好酸球と同じく、アレルギー反応などに関与しているとされていますが、長い間そのはたらきがよくわかっていませんでした。近年の研究により、とくにマダニに対する生体防御の機能があることが明らかになりました。

単球

単球は「マクロファージ」ともいわれ、細菌等の病原体のほか、死んだ細胞など、体内で不要になったものなども食べて(貪食)くれます。このため、「大食細胞」と呼ばれることもあります。

リンパ球(T細胞、B細胞、NK細胞)

リンパ球は、ウイルスなどの小さな標的を攻撃する白血球の一種で、抗原抗体反応などの免疫に関与しています。リンパ器官(骨髄やリンパ節、扁桃腺など)といわれる部位に多量に存在しています。

白血球に異常があると…?

白血球が基準値よりも多い場合は細菌感染や、白血球が異常に増加する血液のがん「白血病」などの疑いがあります。逆に基準値よりも少ない場合は、重症感染症によって一時的に減少していたり、再生不良性貧血や抗がん剤などの薬による副作用であったりといったものが考えられます。健診などで数値に指摘があった場合は、すぐに精密検査を受けるようにしましょう。

血小板
血小板イラスト※イメージ図

血小板は、細胞核を持たない円盤型の細胞です。血液全体に占める割合は1%以下と非常に少ないですが、血管が損傷を受け、穴ができたときに損傷部分で固まり、穴をふさいで出血を止めるという重要な役割を担っています。

血小板に異常があると…?

血小板にはこのようなはたらきがありますから、数が減少すると出血した際に血が止まりにくくなります。「軽くぶつけただけで青あざができやすい」「細かい点状の皮下出血がある」「月経量が多くなった」といった場合は注意が必要。

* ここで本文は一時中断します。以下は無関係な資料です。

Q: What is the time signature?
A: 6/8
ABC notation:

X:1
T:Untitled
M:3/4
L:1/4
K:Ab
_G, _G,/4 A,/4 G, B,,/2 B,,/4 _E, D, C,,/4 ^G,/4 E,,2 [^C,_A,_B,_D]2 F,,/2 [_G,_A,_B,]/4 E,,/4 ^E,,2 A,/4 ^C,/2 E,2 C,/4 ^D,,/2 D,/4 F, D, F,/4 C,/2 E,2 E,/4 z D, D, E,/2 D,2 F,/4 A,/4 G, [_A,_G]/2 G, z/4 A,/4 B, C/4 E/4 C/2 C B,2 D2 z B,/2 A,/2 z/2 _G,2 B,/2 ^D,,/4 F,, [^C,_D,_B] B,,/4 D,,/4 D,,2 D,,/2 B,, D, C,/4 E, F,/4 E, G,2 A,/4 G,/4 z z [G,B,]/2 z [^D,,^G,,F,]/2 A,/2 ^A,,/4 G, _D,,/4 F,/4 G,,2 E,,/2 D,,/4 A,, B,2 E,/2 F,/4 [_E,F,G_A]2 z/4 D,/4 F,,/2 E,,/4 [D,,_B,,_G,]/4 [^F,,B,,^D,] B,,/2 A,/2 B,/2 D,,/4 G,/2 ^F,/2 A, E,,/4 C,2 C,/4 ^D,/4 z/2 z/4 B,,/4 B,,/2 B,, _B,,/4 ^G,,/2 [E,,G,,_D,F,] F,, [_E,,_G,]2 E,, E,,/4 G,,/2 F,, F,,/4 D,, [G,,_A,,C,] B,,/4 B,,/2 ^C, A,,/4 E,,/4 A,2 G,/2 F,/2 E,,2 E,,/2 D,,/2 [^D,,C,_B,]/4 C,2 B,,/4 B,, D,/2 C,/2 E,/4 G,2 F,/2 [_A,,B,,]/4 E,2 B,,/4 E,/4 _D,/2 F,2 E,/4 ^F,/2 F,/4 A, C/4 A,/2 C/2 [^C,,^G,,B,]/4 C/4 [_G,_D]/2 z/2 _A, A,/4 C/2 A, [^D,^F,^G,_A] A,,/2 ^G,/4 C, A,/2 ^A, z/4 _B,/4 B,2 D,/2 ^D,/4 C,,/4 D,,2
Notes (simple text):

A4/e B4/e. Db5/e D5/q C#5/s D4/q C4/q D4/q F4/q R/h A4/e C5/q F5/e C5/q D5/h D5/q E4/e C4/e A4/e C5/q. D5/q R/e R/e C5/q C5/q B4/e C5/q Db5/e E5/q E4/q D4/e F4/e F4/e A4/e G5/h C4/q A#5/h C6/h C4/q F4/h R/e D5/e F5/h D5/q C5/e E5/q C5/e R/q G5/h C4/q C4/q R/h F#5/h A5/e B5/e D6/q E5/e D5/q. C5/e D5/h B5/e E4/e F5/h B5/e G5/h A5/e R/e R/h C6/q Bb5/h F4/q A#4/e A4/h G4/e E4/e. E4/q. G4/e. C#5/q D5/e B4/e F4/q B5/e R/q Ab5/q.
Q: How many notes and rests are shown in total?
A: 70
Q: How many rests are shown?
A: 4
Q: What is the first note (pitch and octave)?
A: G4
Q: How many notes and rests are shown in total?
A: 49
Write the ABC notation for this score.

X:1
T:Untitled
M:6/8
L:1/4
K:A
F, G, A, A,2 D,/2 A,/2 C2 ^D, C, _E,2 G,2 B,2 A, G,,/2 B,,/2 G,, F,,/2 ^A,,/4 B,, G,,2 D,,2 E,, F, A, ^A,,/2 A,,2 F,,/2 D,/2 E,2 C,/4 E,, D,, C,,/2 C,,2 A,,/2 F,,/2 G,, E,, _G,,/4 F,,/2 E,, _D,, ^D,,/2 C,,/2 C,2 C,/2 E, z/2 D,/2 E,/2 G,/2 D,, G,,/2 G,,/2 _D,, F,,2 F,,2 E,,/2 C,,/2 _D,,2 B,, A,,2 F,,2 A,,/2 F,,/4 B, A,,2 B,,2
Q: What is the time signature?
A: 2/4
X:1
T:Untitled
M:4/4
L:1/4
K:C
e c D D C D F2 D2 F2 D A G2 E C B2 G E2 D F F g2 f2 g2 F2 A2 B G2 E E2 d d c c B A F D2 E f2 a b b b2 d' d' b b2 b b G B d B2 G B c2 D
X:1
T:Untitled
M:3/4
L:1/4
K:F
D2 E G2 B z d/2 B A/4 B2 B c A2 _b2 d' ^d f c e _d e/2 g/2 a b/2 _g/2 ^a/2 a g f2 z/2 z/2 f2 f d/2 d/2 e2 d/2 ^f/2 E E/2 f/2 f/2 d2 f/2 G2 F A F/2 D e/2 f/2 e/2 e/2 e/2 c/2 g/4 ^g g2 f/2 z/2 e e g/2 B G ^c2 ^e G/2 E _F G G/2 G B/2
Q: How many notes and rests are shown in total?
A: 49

気になったときは、すぐに病院で検査を受けるようにしましょう。万一、血小板減少が起きた場合は、ケガをして出血しないよう日常生活に注意しなければなりません。
なお、血小板数が増加することもあり、その場合は慢性骨髄性白血病などの可能性もありますので、健康診断などで高めの数値が出た場合も早めに受診したほうがいいでしょう。

液体成分

血漿
血漿イラスト※イメージ図

血漿はさまざまな物質を含んだ溶液で、血液のうち、血球などの有形成分以外の成分を指します。栄養分を体の各部に運んで、老廃物を運び去るはたらきをします。血液を試験管に入れて遠心分離すると、上のほうに黄色い液体成分ができますが、これが血漿です。含まれる成分は、たんぱく質(アルブミン、フィブリノゲン、免疫グロブリン)・脂質・糖類(グルコース)・無機塩類(カルシウム、ナトリウム、カリウム、マグネシウム、鉄、銅、リン等)などになります。
免疫検査などで使われる「血清」は、この血漿から血液凝固に関わるたんぱく質(フィブリノゲンなど)を除いたものを指します。